The Scrum Master must be agnostic. They are not trying to please one individual, but all of the above, often by seeking consensus between the various interests. Most often, the best approach is therefore to have a dedicated Scrum Master, so they can remain agnostic and dedicated to the job.

Since you are the only valid candidate for this role, let us go back to this new assignment of yours, then. Over the subsequent articles, we will look at the following in more detail:

  • Land

  • Get into the groove

  • Set some ground rules

    • Define terminology

    • Control scope

    • Start less, finish more

  • Empower

  • Continually improve

Land

Sometimes, you can prepare ahead of meeting your new outfit. If you are lucky, an engagement lead, perhaps even your predecessor, will have sent you a fact sheet listing the things to look out for in the team you are about to lead. Very often, though, you will fly blind for a little while. Whether the team is newly set up or an existing squad that you integrate matters little: you are new and you do not know each other. Any change in a team’s composition results in a new team, with its own dynamics and performance. The arrival of a new Scrum Master is quite the seismic shift, for a team, and that is felt even more dramatically if the team is already in place when you land.

With that in mind, you could do worse than prepare for a discovery period, in which the team and you learn to work together (they will also have to get used to you). Whilst you do that, make sure you explain what is going on to your client and a time frame for it. They might expect that this expert they have hired has a magic wand to deliver miracles and you do not want them to be disappointed with the reality. Share your vision. Show that you are taking control. Your client will feel reassured that you know what you are doing. Show good leadership by being an outstanding communicator.

As for taming the team, start by observing without judging; every team is different and things might make sense in some circumstances that seem heretic at first glance. Interview your team members: ask them what works well in this team and what does not; ask them for suggestions on what to improve and how. Listen and take notes. It is in this crucial phase that the team will decide whether to trust you or not. (For clarity, if they decide not to trust you, your future in this role is likely compromised.) This is the time for you to be a listener.

Be lucid, though. Regardless of how good you are, you will probably not win everyone over, especially in a pre-existing team. Some will have waited for a change like this to move on; others would have been friends with your predecessor; some may even have wanted your role. In any case, a managerial change, at any level, will trigger some turnover.
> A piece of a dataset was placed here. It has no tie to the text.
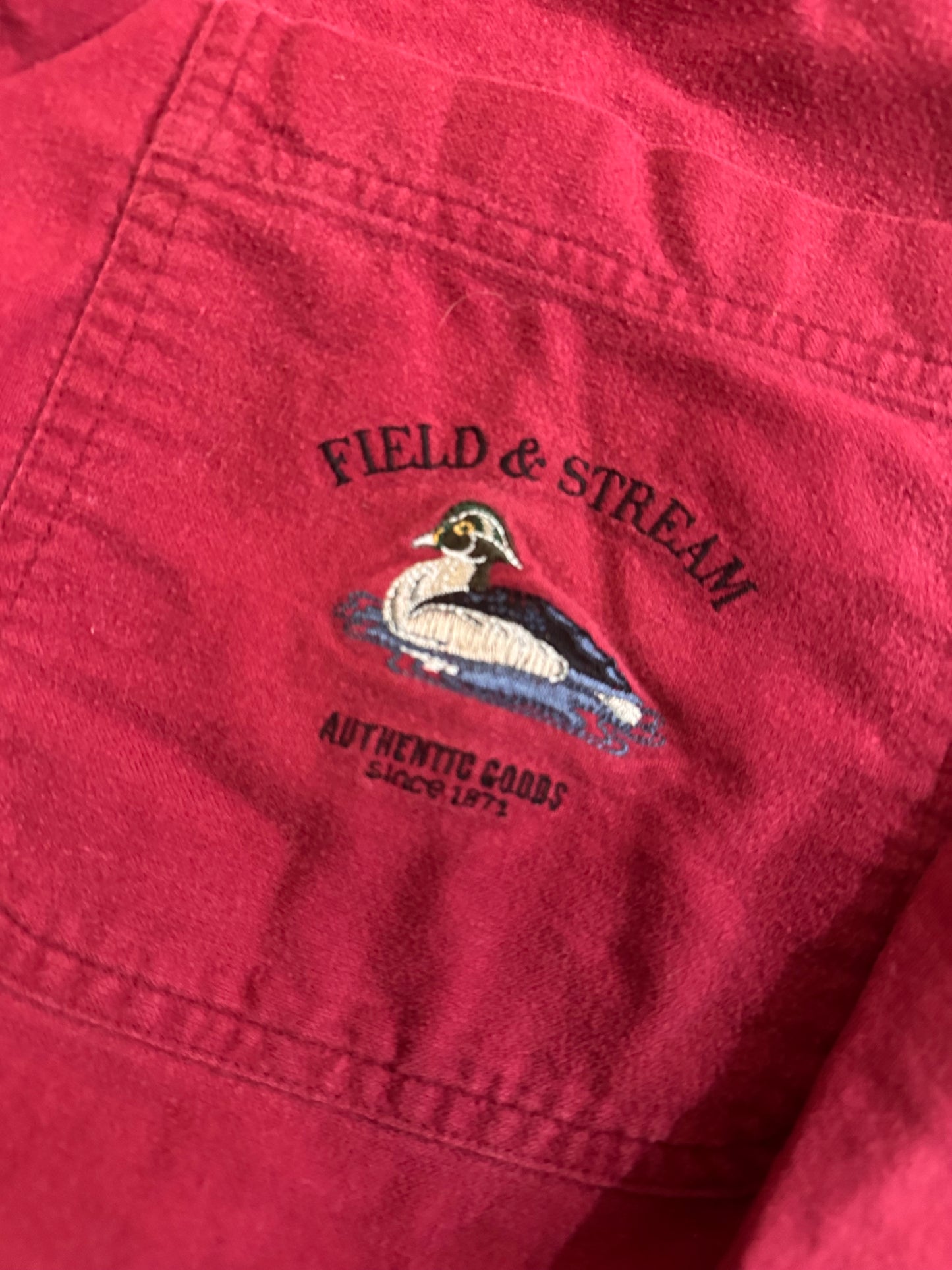 Vintage Field & Stream Button Down (L) Embroidered Duck - Maroon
This is no exception. Be prepared for that change, as you might soon have to recruit.

As you get to know your new colleagues, gauge team maturity. How self-organised are they? How well do they collaborate? How open will they be to change?

When you have heard everyone, decide on a strategy. Whether it is a huge shake-up or minor tweaks in the ways of working, communicate your intentions, the reasons behind them and the objectives you want to achieve. Bring the team on board for the journey. Do not make them passive passengers, as they would have no reason to follow you. Be a federator.

Bear in mind the potential sensitivities of dealing with individuals from various vendors; not all teams are homogenous in that regard, and individuals may be more suspicious of your motives if they are from a competing vendor. Keep the communication channels open, with your team and with whomsoever they report to (engagement manager, account manager, or other). You will have to work closely with the latter when you need to recruit; you may as well nurture that relationship early on. Be a bridge-builder.

And do not rush. If a team could be turned around in hours or days, you would not be needed. Be driven, but patient.